What is expected -> A verbatim reproduction of the lines below, from the line containing "All right. Hi, everyone." through the line containing "You have now", both ends included, is the whole required output.

Data to process ->
[Start of section]
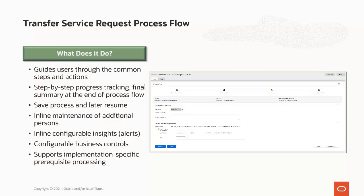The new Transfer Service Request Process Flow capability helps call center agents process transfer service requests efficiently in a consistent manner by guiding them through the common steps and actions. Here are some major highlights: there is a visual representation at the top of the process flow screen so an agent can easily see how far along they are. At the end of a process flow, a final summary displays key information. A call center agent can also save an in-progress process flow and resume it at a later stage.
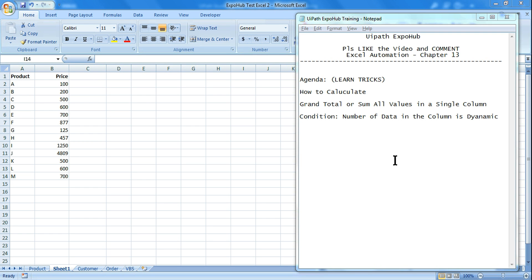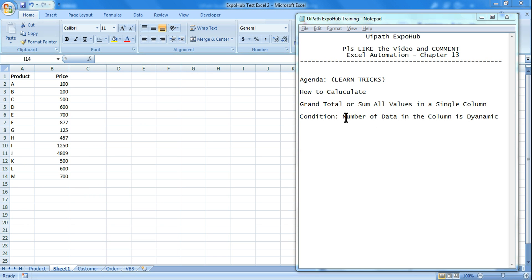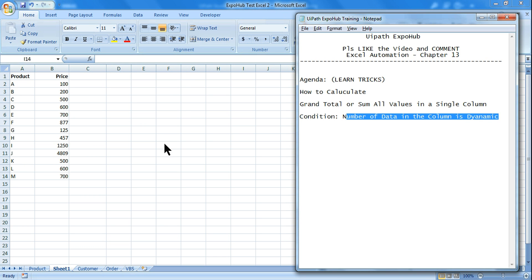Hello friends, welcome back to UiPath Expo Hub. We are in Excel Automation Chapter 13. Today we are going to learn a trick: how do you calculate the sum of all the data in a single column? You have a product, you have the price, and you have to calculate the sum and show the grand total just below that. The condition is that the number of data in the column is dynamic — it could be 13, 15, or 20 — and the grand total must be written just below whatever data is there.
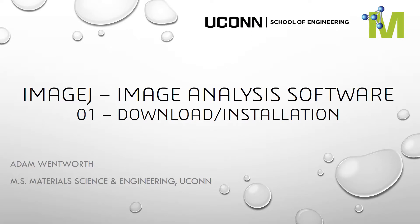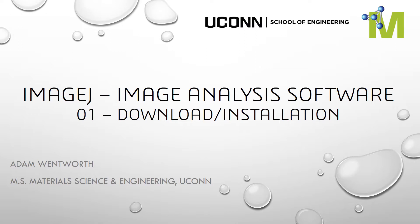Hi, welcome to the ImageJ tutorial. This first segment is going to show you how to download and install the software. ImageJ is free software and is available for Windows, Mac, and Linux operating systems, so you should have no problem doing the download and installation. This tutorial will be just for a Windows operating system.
[End of section]
[Start of section]
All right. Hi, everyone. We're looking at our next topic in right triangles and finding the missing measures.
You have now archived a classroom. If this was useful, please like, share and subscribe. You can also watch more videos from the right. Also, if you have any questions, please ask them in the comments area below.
[End of section]
Finished exercise ->
All right. Hi, everyone. We're looking at our next topic in right triangles and finding the missing measures.
You have now archived a classroom. If this was useful, please like, share and subscribe. You can also watch more videos from the right. Also, if you have any questions, please ask them in the comments area below.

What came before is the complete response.